Records contained in a dataset
-=-=-

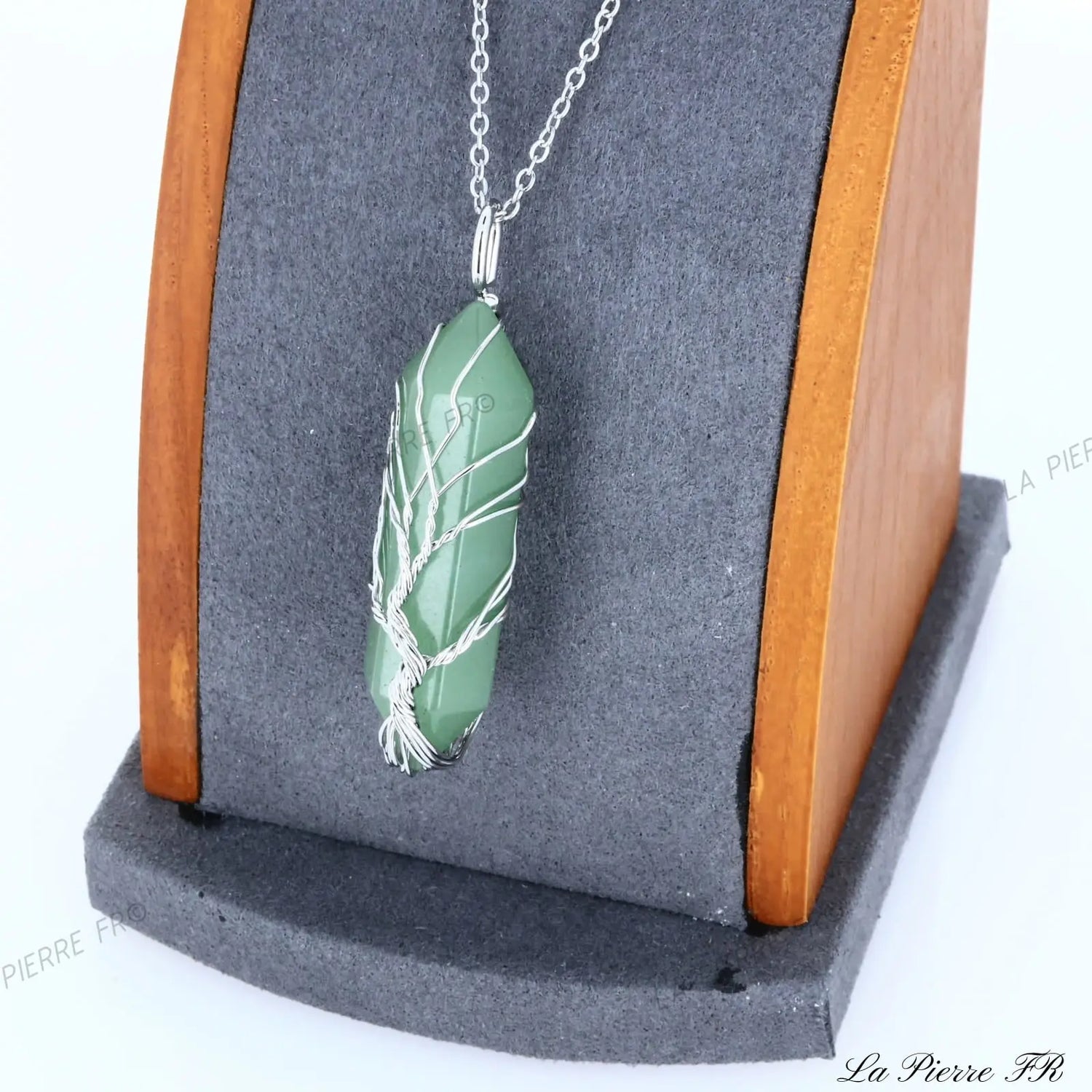 Pendentif Aventurine verte pointe arbre de vie argenté Ma boutique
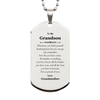 To My Grandson Inspirational Silver Dog Tag, I'm so proud of you, Grandson Birthday Supporting Gifts From Grandmother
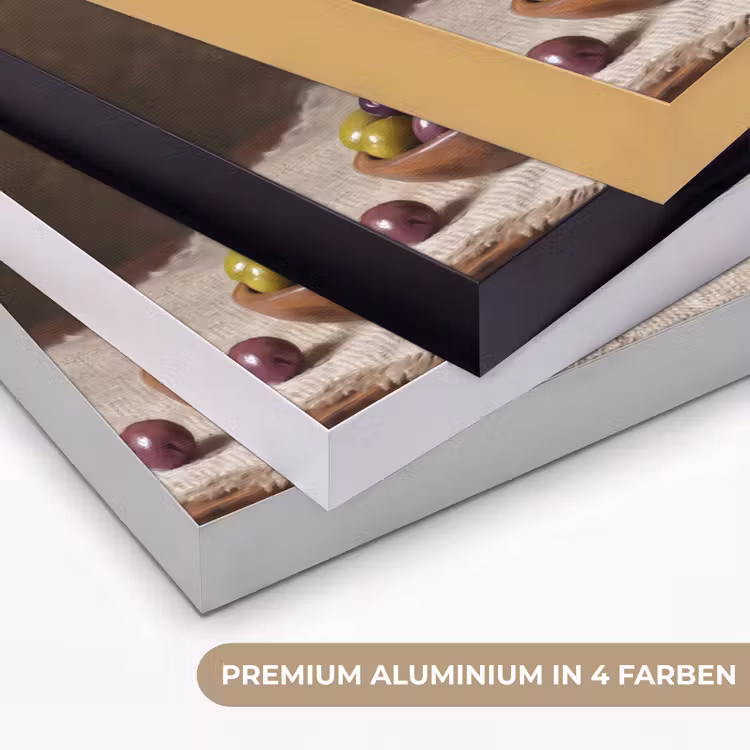 Art Frame - Artischocken – Oliven – Essen - Artisjokken - Olijven - Eten Textielframe zwart klein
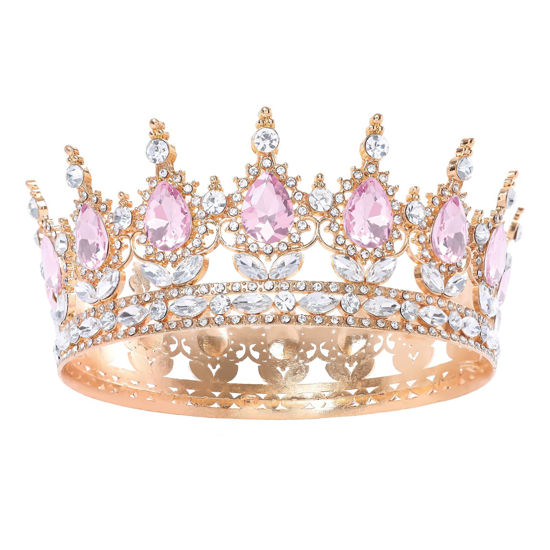 Picture of Feltent Pink Queen Crown for Women Crystal Tiara for Girl Rhinestone Wedding Headband for Bride Hair Accessories for Costume Birthday Party Prom Gifts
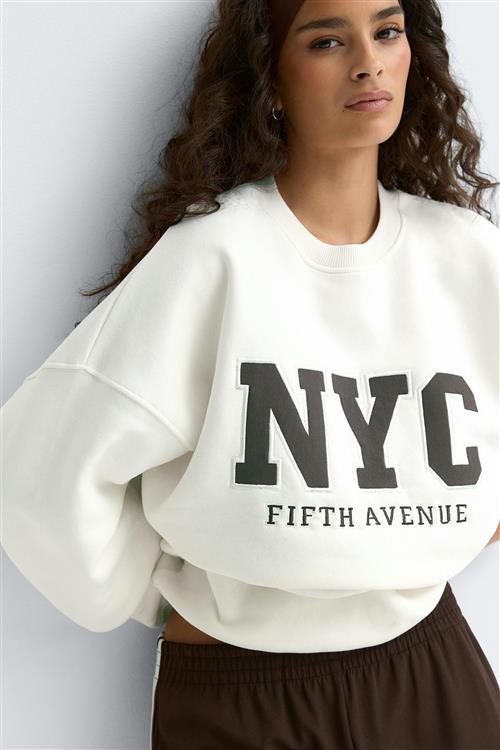 Gina Tricot - Oversized printed sweater - Collegetrøjer - Hvid - S - Dame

-=-=-

▶ [Brief]: Reproduce all of the entries exactly as they appear, though any picture they include must be omitted.

▶ [Problem solution]:
 Pendentif Aventurine verte pointe arbre de vie argenté Ma boutique
 To My Grandson Inspirational Silver Dog Tag, I'm so proud of you, Grandson Birthday Supporting Gifts From Grandmother
 Art Frame - Artischocken – Oliven – Essen - Artisjokken - Olijven - Eten Textielframe zwart klein
 Picture of Feltent Pink Queen Crown for Women Crystal Tiara for Girl Rhinestone Wedding Headband for Bride Hair Accessories for Costume Birthday Party Prom Gifts
 Gina Tricot - Oversized printed sweater - Collegetrøjer - Hvid - S - Dame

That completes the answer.